** DATA FOR REVIEW follows **

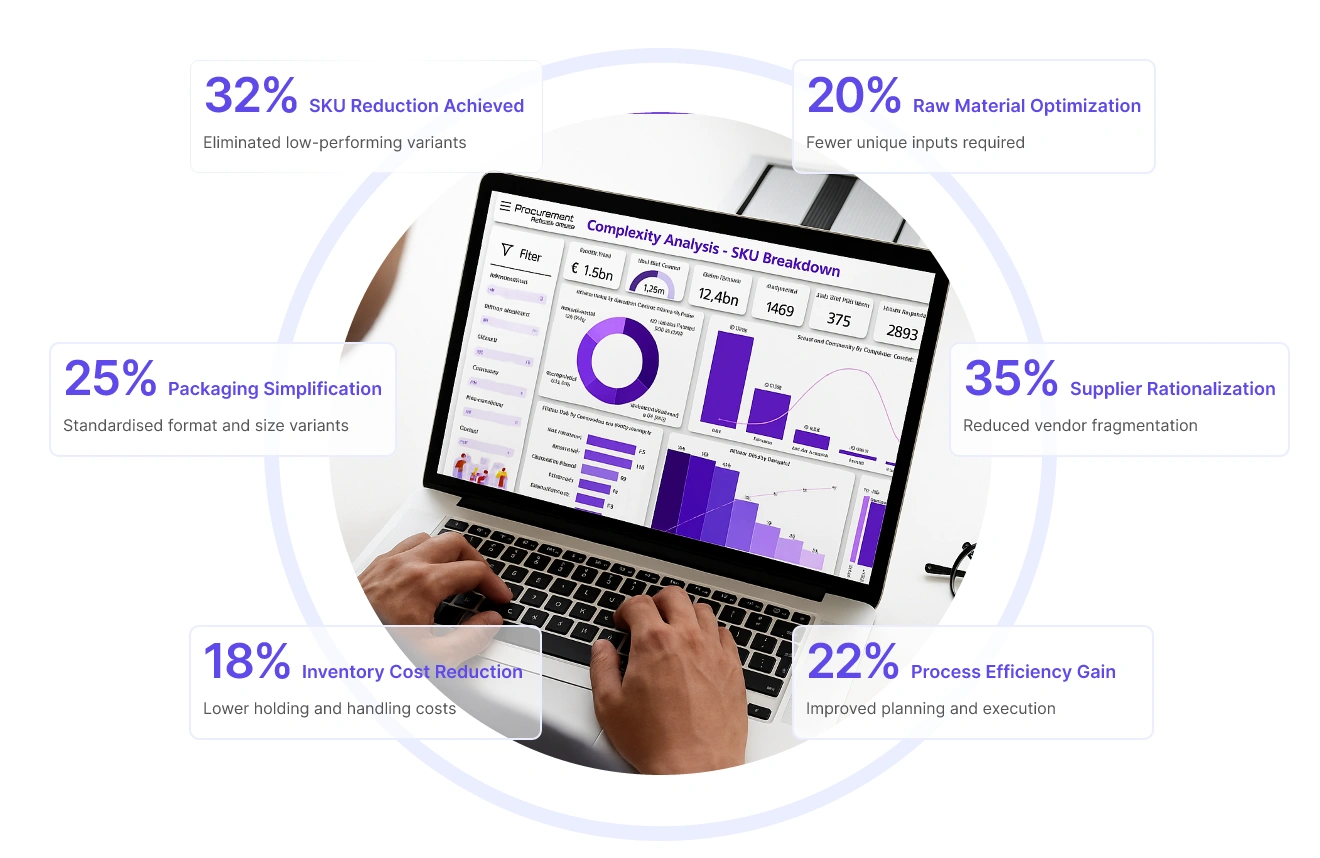 Transformation Banner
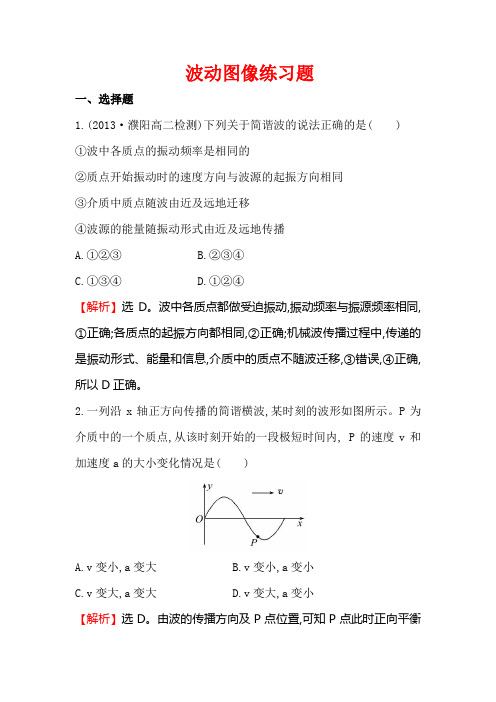 (完整版)波动图像习题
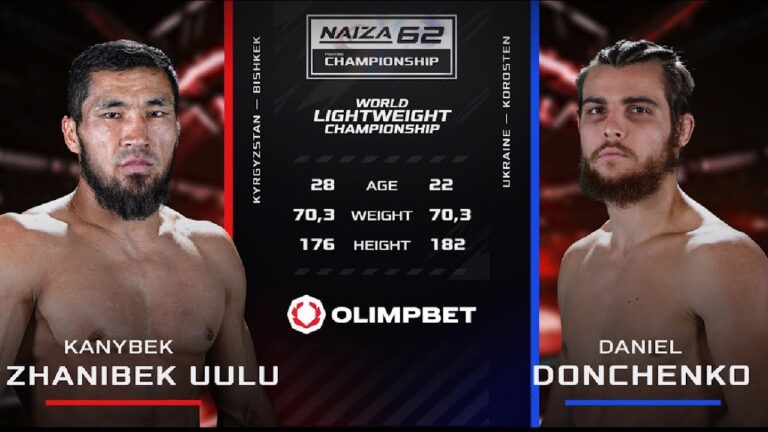 Naiza FC чемпионы Даниил Донченко The Ultimate Fighter жаңа маусымына қатысады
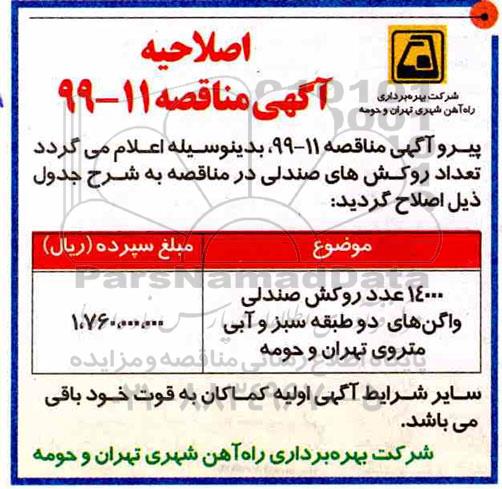 اصلاحیه مناقصه, مناقصه نگهداری و تعمیرات شبکه توزیع برق 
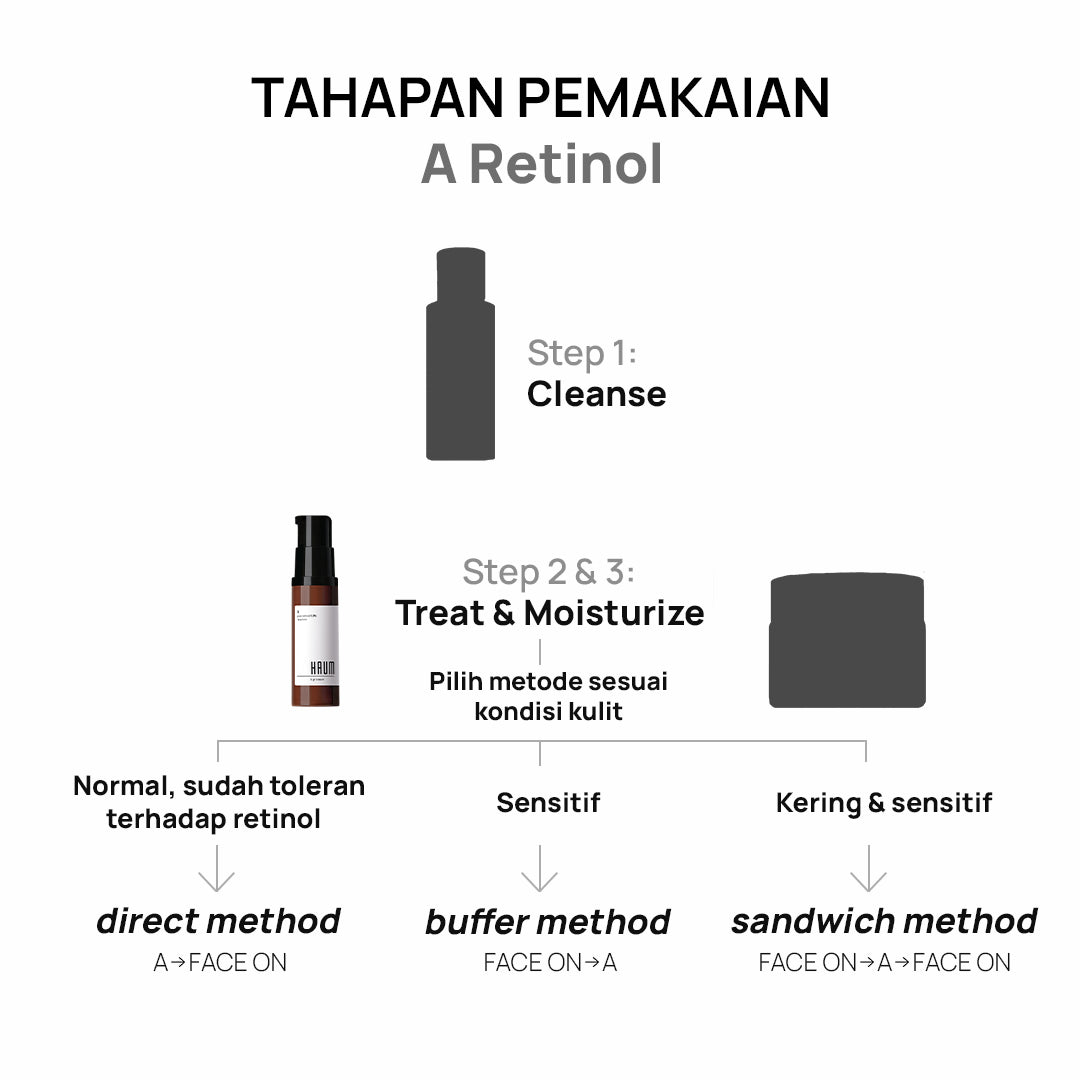 A PURE RETINOL 0,8%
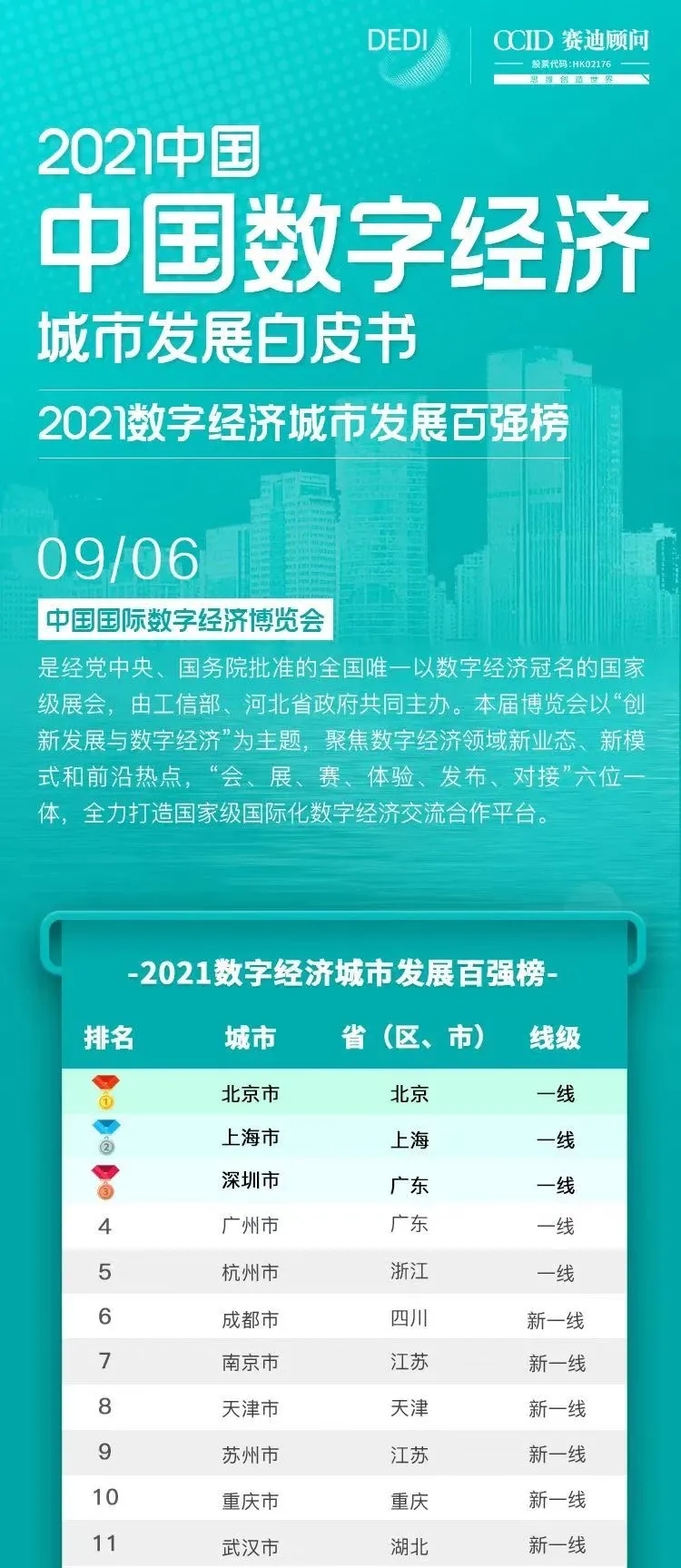 2021数字经济百强市宣告，济南上榜新一线都市！
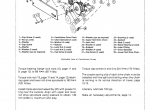 repair manual John Deere 1424 Mower-Conditioner TM1264 Technical Manual PDF - 3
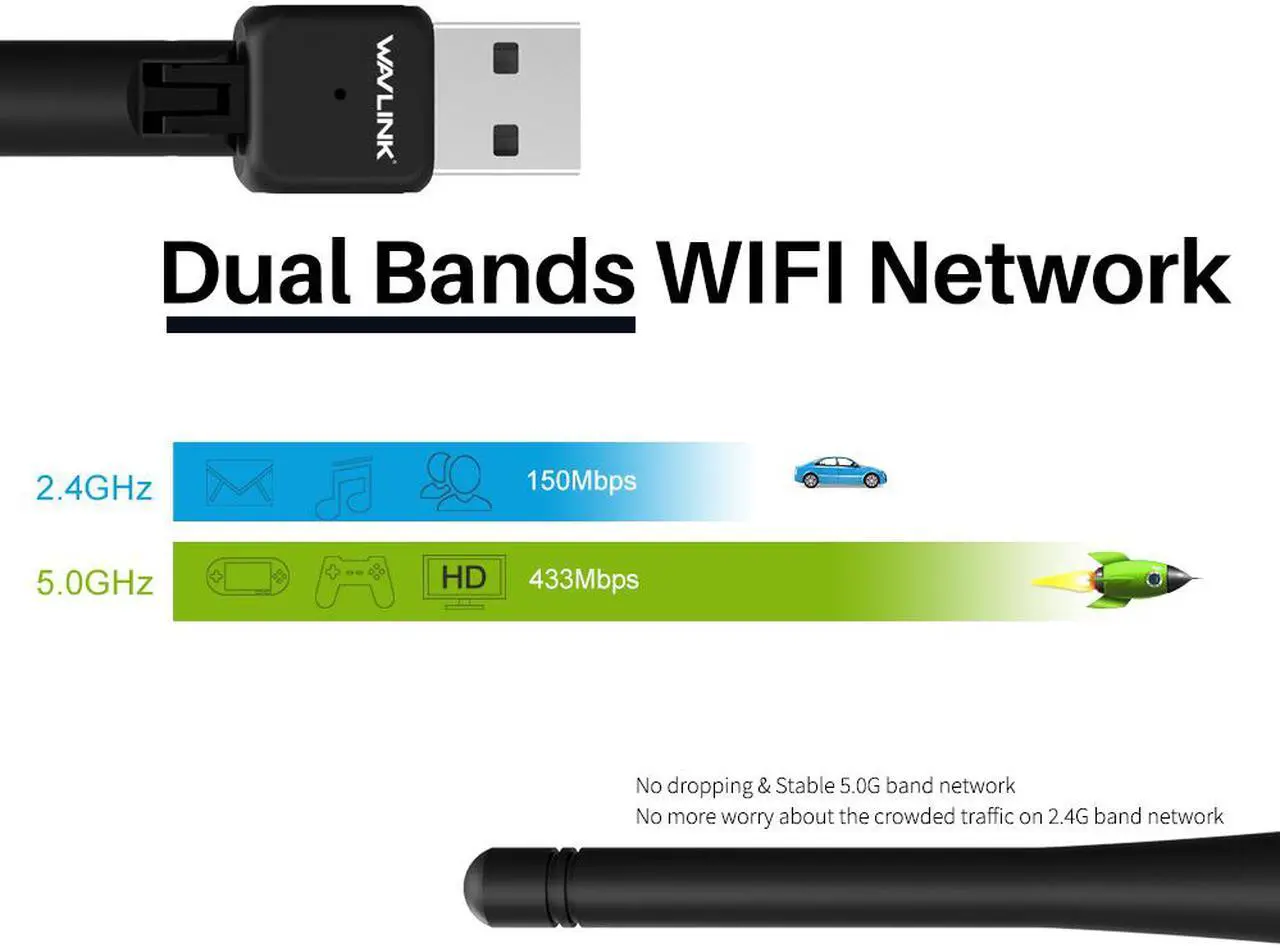 Alt view image 3 of 6 - Wavlink AC600 USB Wireless Adapter, 600Mbps Dual Band WiFi Dongle, 802.11ac High Gain 3dbi Antenna Network Adapter, 2.4G/150Mbps + 5G/433Mbps for Laptop/Desktop Windows XP/Vista/7/8/8.1/10 (32/64bits)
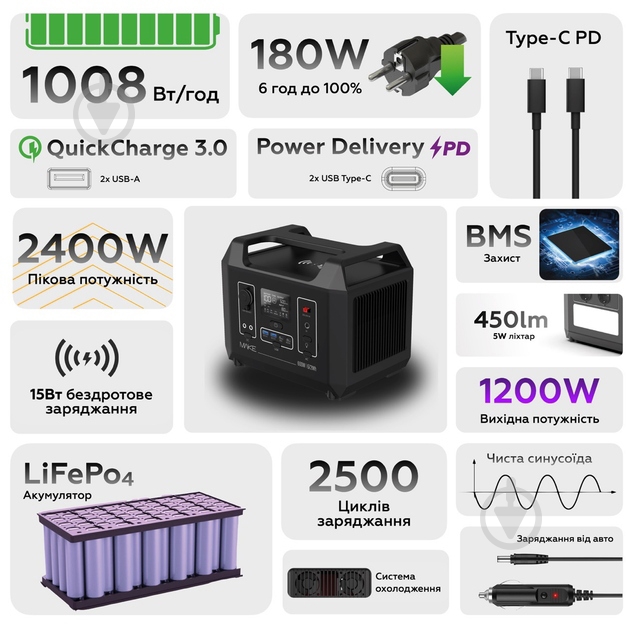 Зарядна станція Make MPS-12002 1200W (1008 Вт·год) - фото 9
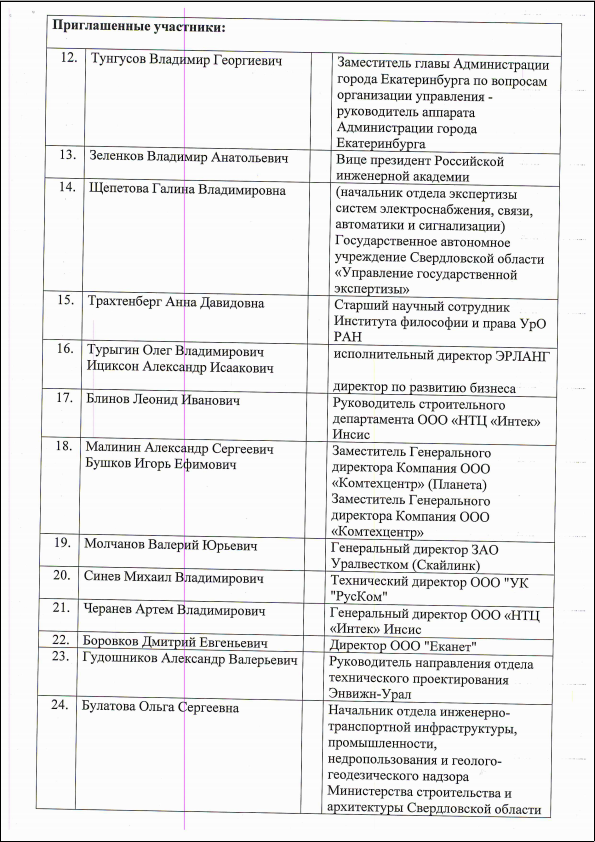 Министр связи Свердловской области об интернете в регионах, СНИПах и «войне с воздушкой»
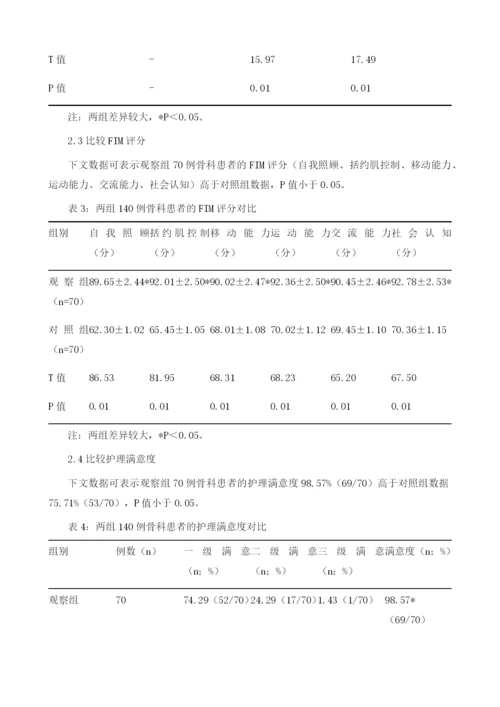 医护一体化护理模式用于骨科患者术后快速康复中的价值分析.docx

** End of DATA FOR REVIEW **

All lines after and including the one with "Зарядна станція Make", through the end of the entries above, should be output exactly and by themselves. The pictures are to be left out.

 Зарядна станція Make MPS-12002 1200W (1008 Вт·год) - фото 9
 Министр связи Свердловской области об интернете в регионах, СНИПах и «войне с воздушкой»
 医护一体化护理模式用于骨科患者术后快速康复中的价值分析.docx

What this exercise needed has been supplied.